316
you are viewing a single comment's thread
view the rest of the comments
[-] Chetzemoka@startrek.website 62 points 1 year ago* (last edited 1 year ago)

The rail strike would have had major economy-wide side effects, including people in other industries being laid off and inflation being exacerbated by shortages in basic food, water, gas.

https://www.pbs.org/newshour/economy/looming-rail-strike-would-take-a-major-toll-on-u-s-economy

After averting the strike, the Biden administration continued to pressure and negotiate with rail companies to get the paid sick days that were the sticking point. But there's been almost no news coverage about that fact.

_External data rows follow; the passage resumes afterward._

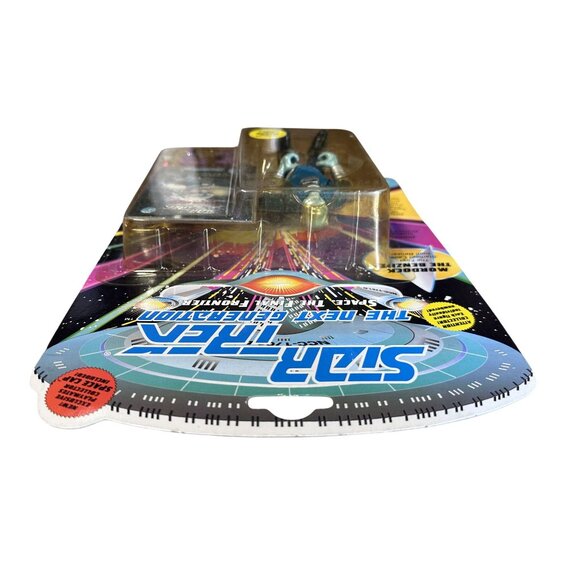 Star Trek Action Figures Tom Paris Mutated & Mordock The Benzite Pre-Owned 1990s - Picture 9 of 10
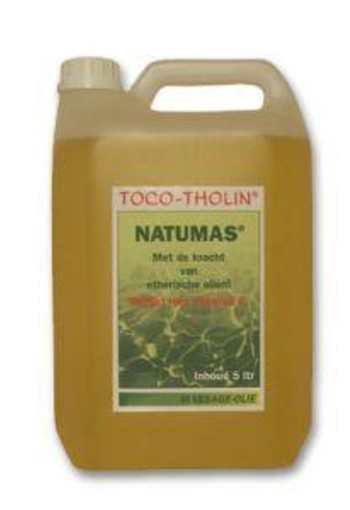 Toco Tholin Natumas massage olie (5 Liter)
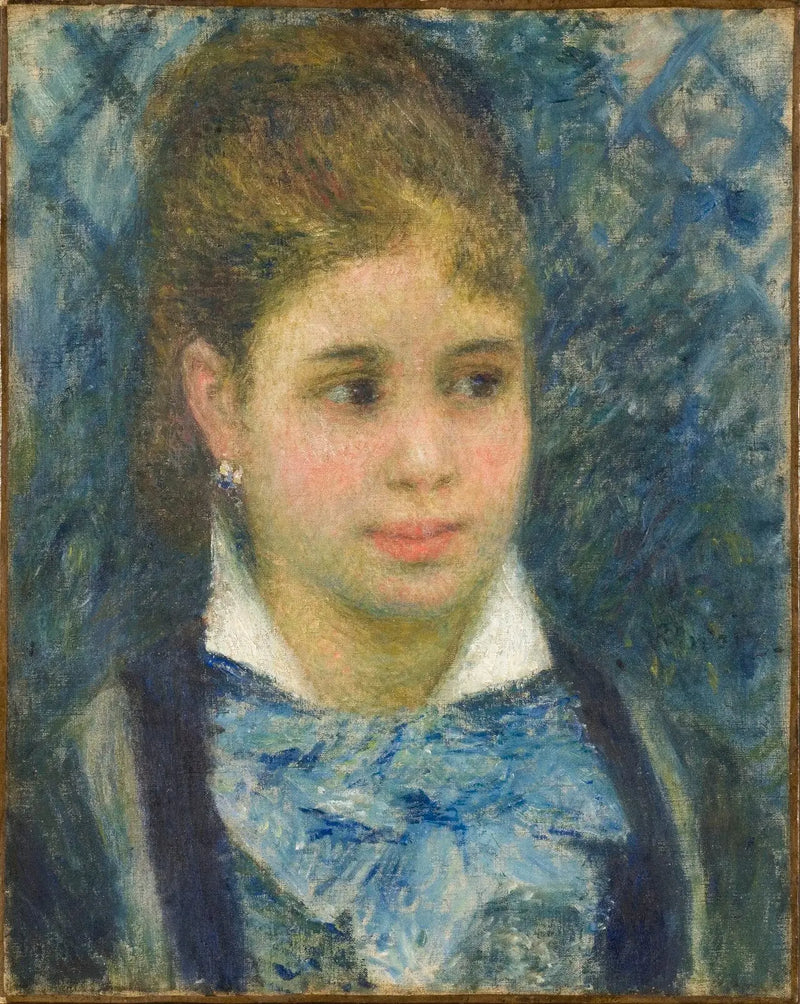 Genç Parisli - Pierre-Auguste Renoir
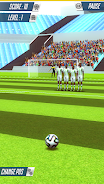 FreeKick Soccer 2023 - 3D ဖန်သားပြင်ဓာတ်ပုံ 2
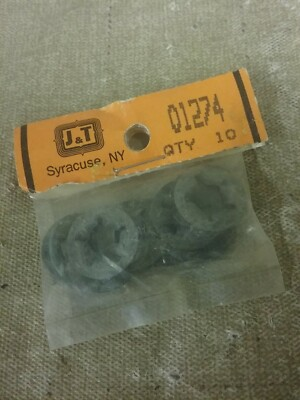 #ad New Jamp; T 5 16 x 5 8 OD Thread Cutting Washers 01274 1274 $7.40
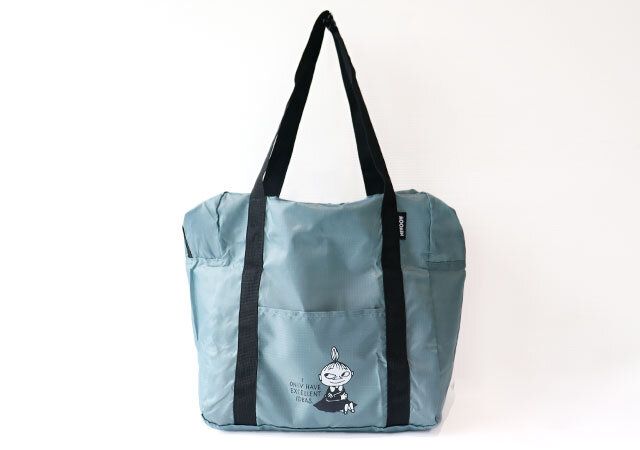 セブンのムーミン＆リトルミイバッグ雑誌付録レビュー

"Negotiations with the other labor coalition unions continued toward a Sept. 15 deadline, but when it became obvious that the bargaining parties would not reach consensus by then, Biden asked then-Secretary of Labor Marty Walsh to assemble the sides and reach an acceptable agreement that would head off a national freight rail strike.

On deadline day, the parties reached an agreement on an updated contract that included the biggest wage increases in 47 years. Over the next several weeks, while acknowledging that the agreement was less than perfect, the IBEW and several of its fellow coalition unions voted to ratify the agreement. A handful of others, however, did not, instead threatening a December freight rail strike.

Biden, citing the potential economic impact of a national freight rail strike during the winter holidays, on Nov. 28 called on Congress to impose the emergency board’s agreement.

Since then, several other railroad-related unions have also seen success in negotiating for similar sick-day benefits. These 12 unions represent more than 105,000 railroad workers. (emphasis mine)

“Biden deserves a lot of the credit for achieving this goal for us,” Russo said. “He and his team continued to work behind the scenes to get all of rail labor a fair agreement for paid sick leave.”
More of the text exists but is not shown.